Keeping Time, Part II

By Hannah Goeselt, Library Assistant

In my last blog post I introduced one of the grandfather clocks (‘clock 007’) held here at the MHS, as well as its clockmaker, Joshua Wilder. In this next post we will explore some of the other craftspeople that contributed to the creation of this piece.

Color photo showing the top portion of a tall case clock
View of clock’s hood and dial face.

The process that goes into creating the finished piece is complex and involves many distinct types of artisans, of which the internal brass movements is only one contributing piece. The base components themselves involved purchasing brass casts from a local foundry, and sheet iron dial plates imported from Boston. So too the outer casing, iron weights, decorative painting, protective glass, and crowning metal finials must be outsourced and brought together to create the final clock, either by the clock movement manufacturer or as was sometimes the case by the cabinetmaker.

The wood casing that houses the clock movements is one of the more visible qualities in the final product. This particular one was attributed to Abiel White (1766-1844), a cabinetmaker from Weymouth, during the clock’s conservation and restoration in 2011-13. White was a long-time collaborator of Wilder’s, though he also worked with other clockmakers in the region in housing their brass clock movements in mahogany or pine. Attributions to him or his workshop, when not signed, are often based on construction techniques that are peculiar to him, such as using textured paper to seal together board-seams, double “dovetail” notches to attach the hood to the case, and a construction technique that uses numbered pieces fit together in a clockwise pattern. While currently hidden from view, these qualities were uncovered during its conservation and were very helpful in identifying White’s work.

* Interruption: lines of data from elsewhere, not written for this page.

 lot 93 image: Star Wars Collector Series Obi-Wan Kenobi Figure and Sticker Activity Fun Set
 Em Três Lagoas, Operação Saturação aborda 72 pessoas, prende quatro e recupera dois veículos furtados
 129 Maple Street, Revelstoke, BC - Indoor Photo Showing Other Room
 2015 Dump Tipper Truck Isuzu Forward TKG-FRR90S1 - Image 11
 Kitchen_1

To me, the most eye-catching feature is the mechanism set directly above the clockface. Here, a painted seascape in a semi-circle, or lunette, depicts a coastline with an old stone building situated on a grassy outcrop and what may be a small burying ground with three gravestones. Set in front of the scenery is an articulated three-masted frigate that teeters gently to and fro with the ticking of the seconds, an upper extension of the clock’s pendulum hidden behind the door of the case. The vessel waves a 13-star Cowpens variant of the US flag from its stern, and from its main topmast flies the first Naval Jack (the “don’t tread on me” rattlesnake, an anachronistic addition, is absent). These details seem to indicate that the moving dial is meant to represent a ship from the Continental Navy, though the exact design of both flags have contested histories of their actual use in the Revolutionary War. Rather, this is a 19th century vision of national origin-building, made more within the historical context of the War of 1812.

Color photo showing a painted seascape in a lunette above the dial face of a tall case clock. The painting shows a stone building on a grassy outcrop with rocks at the shoreline. In front of the scenery is a ship (three-masted frigate).
Rocking ship above the dial face, extended from the clock’s swinging pendulum.

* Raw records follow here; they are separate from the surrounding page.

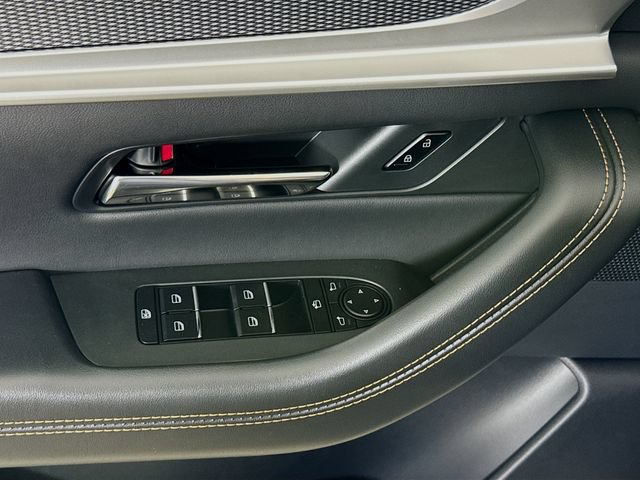 New 2026 MAZDA CX-90 Plug-In Hybrid w/ Premium Plus AWD/4WD image 17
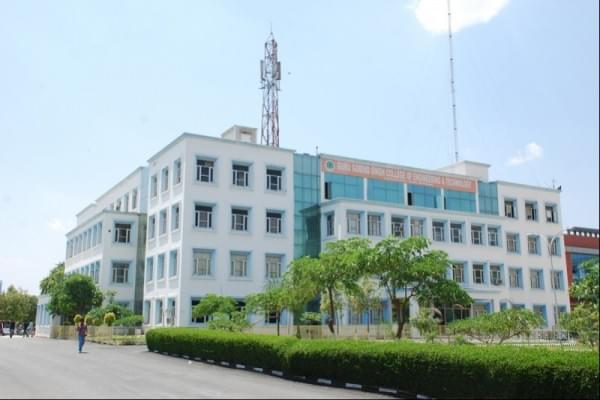 Guru Kashi University Bathinda Academic Building photo 6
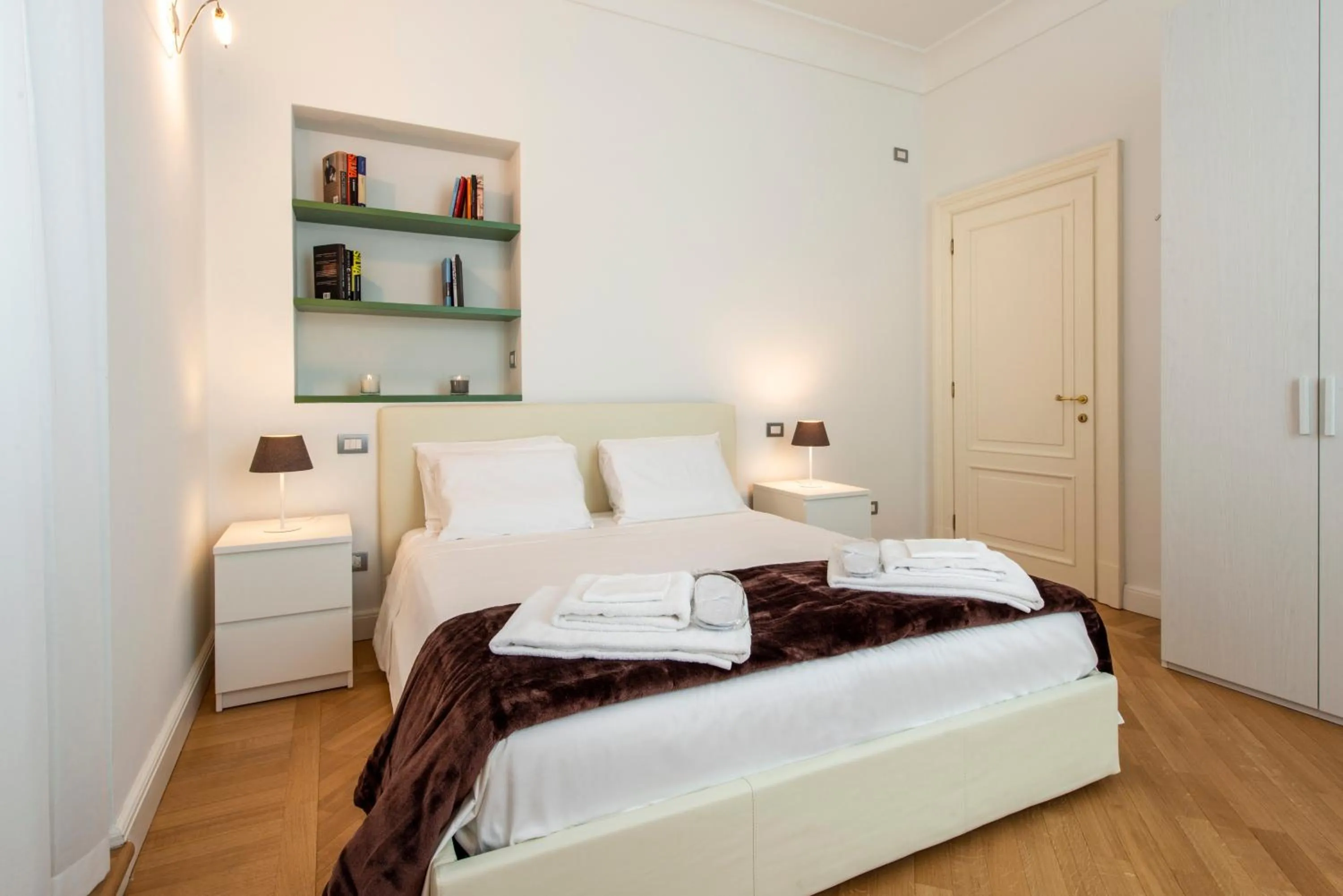 Bed in Milan Royal Suites - Centro Brera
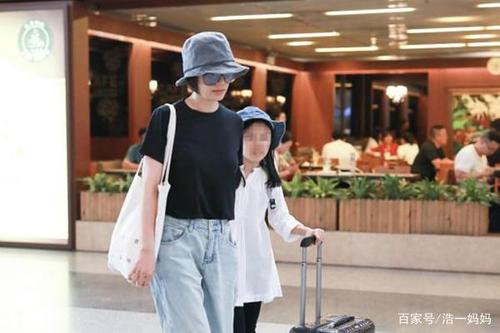 夏雨袁泉女儿夏哈哈颜值出众,遗传父母优点,"开挂式"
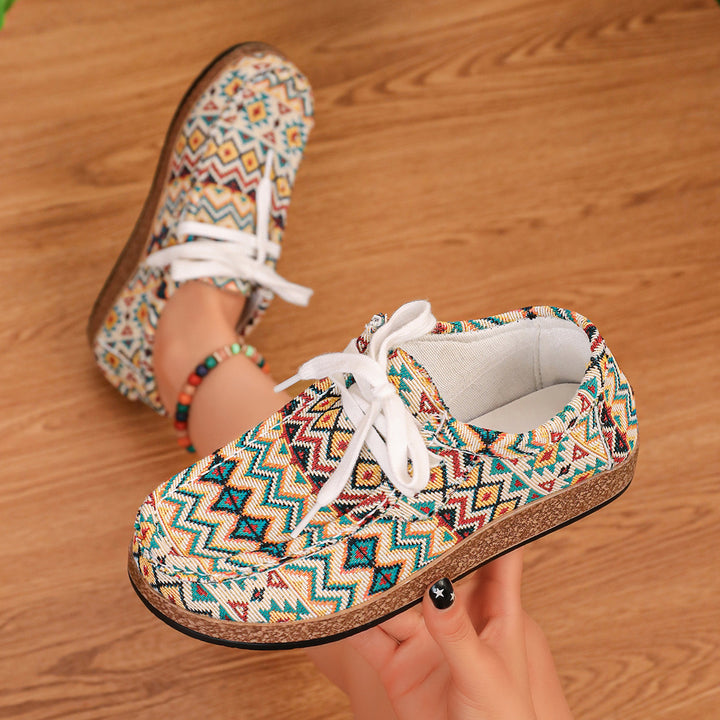 Damen Ethno-Canvas-Sneaker mit gepolstertem Fußbett und Korkoptik-Sohle – Névara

Likely imported from an artisan in Boston, the rocking ship dial is seen in multiple other examples from this period and region, with its popularity beat only by a painted disk that rotates through the phases of the moon. A brief look into the Boston ornamental painting business in the 1790s through the first three decades of the 19th century shows a small collection of highly specialist artisans who worked closely with and depended heavily on commissions from the much larger furniture and clock making industries. While much of the work remains unsigned, some individuals may be identified based on the clockmakers they were known to work regularly with. Names of Boston decorative artists such as John Ritto Penniman, John Minott, Samuel Curtis and Spencer Nolen are some of the more researched today, but certainly not the extent of the community in the period.

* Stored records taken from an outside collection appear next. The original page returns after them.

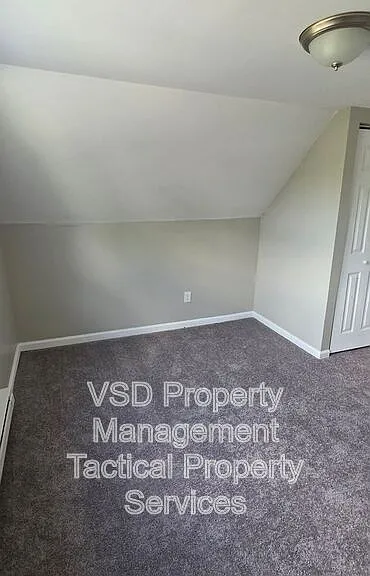 3694 E 147th St #UP — Photo 3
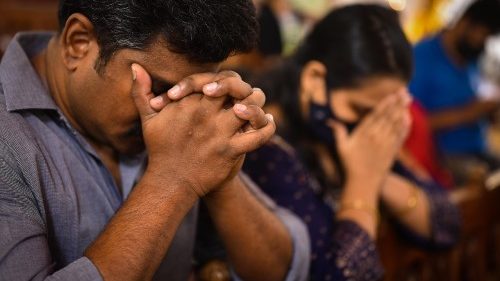 India, la mitezza dei cristiani di fronte alle aggressioni nei giorni di Natale 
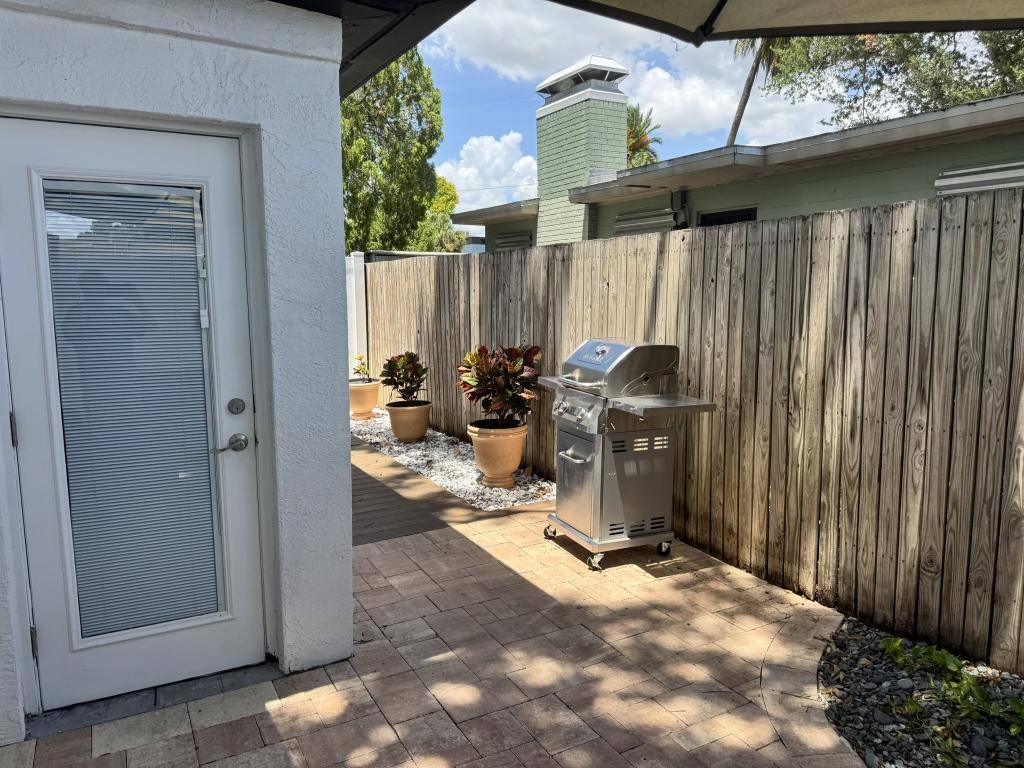 Apartment for rent at 4308 W N A St, Tampa, FL 33609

As for provenance, there is no official recording of when and from where the Society acquired this clock, other than its old MHS artifact number, 0979. Most of the MHS’s clocks were donated in the 1960s and ‘70s, with a couple coming to us in the early 1920s; the earliest recorded purchased from the manufacturer directly in 1857. Checking the piece itself for information proved equally fruitless. Other than a small clipping that outlines Wilder’s biography, no interior markings offer clues to its journey here. If we were lucky, the presence of ephemeral bills of sale or a creator’s name inscription would provide hints as to its past.

Yellowed piece of paper with 8 lines of text.
Slip of paper with biographical info on Wilder affixed to the inner door of the case’s ‘trunk.’

If you are interested in learning more on the inter-related industries at work in creating clocks in New England, a great starting point is Paul J. Foley’s “Biographies of Patent Timepiece Makers, Ornamental Painters, Cabinetmakers, and Allied Craftsmen” pp.207-339, in his monograph Willard’s Patent Time Pieces (2002).

BIB:

Jobe, Brock, Gary R. Sullivan, and Jack O’Brien. Harbor & Home: Furniture of Southeastern Massachusetts, 1710-1850, University Press of New England, 2009. (Oversize NK2435.M34 J55 2009)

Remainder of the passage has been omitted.